2001: Julian Simons Fellow at PERC — heavily engaged in the research of carbon sequestration and its impact on global warming. In this research, McCormick is investigating how income affects carbon sequestration as a solution for global warming.

    He is also engaged in research with a PERC research associate, Frank Limehouse, in measuring the price people are willing to pay for a golf course that has been assessed and certified by Audubon International. He is also conducting research on golf courses as green space.

2002: Senior fellow at PERC — now the Property and Environmental Research Center.

2003: Hoover Press published "The Relation Between Net Carbon Emissions and Income" by Robert E McCormick. He is in the camp of the climate doubters (as is both the Hoover Institute and PERC)
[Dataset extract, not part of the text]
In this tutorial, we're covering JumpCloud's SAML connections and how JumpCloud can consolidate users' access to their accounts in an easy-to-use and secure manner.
[T]here is no universal agreement about the problem itself. Serious scholars have data on both sides of the question of global warming, and others have interpreted existing facts in myriad ways. The public seems to believe that the Earth is warming, unnaturally, but public perception, although politically important, is not always scientifically accurate. If all this were not enough, there is even disagreement about the impacts of global climate change, assuming it to be real.
He then concludes:
The results presented in
    this chapter indicate that net carbon emissions will decline if economies
    grow and people get richer. The analysis supports the view that higher
    incomes are associated with a better natural environment. Fascination
    with emissions controls and the Kyoto Protocol is somewhat hard to
    understand in this context.

    One simple but profound fact remains. Even while US and global total gross emissions are on the rise, there is little or no growth in total or gross carbon emissions per person in either the United States or the world. Moreover, taking sequestrations into account, there is even less of an issue with carbon emissions.
He gives credit to a substantial section of the old cash-for-comments group:
Robert E. McCormick is professor and BB&T Scholar in the John E. Walker Department of Economics at Clemson University and a senior associate at PERC.
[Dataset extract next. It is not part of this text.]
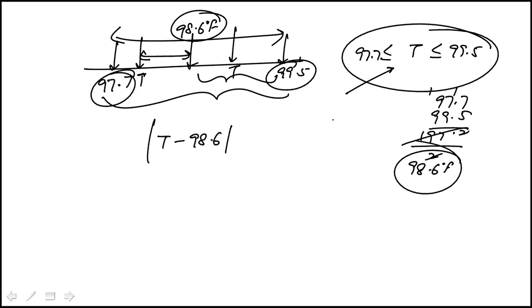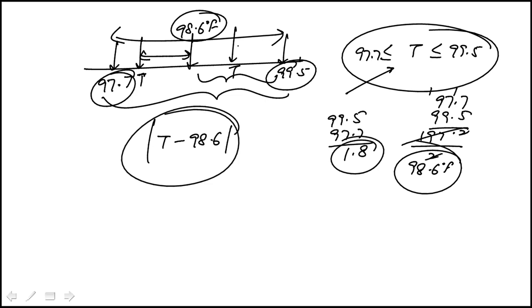Now what's the distance between those two? 99.5 minus 97.7, that's 1.8. Half of that is 0.9, which means that the distance between T and the center will always be less than or equal to 0.9.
    This work borrows extensively from joint work coauthored with Joshua Utt and Walker Hunter (Utt, Hunter, and McCormick 2002). Terry Anderson particularly, but also Richard Stroup, Bruce Yandle, and Daniel Benjamin, provided intellectual stimulation and insights that make this work presentable. I acknowledge a debt to all of them and to PERC while retaining residual rights to the effort.

McCormick's bibliograph show that in the past few years he has co-written extensively with Robert Tollison, William Shughart, Mike Maloney, Brian Goff and Gary Anderson — all well-established 'core' members of the cash-for-comments network.

2013: McCormick also is available as a witness for hire through the company Nathan Associates, Inc. for fighting anti-trust cases, etc.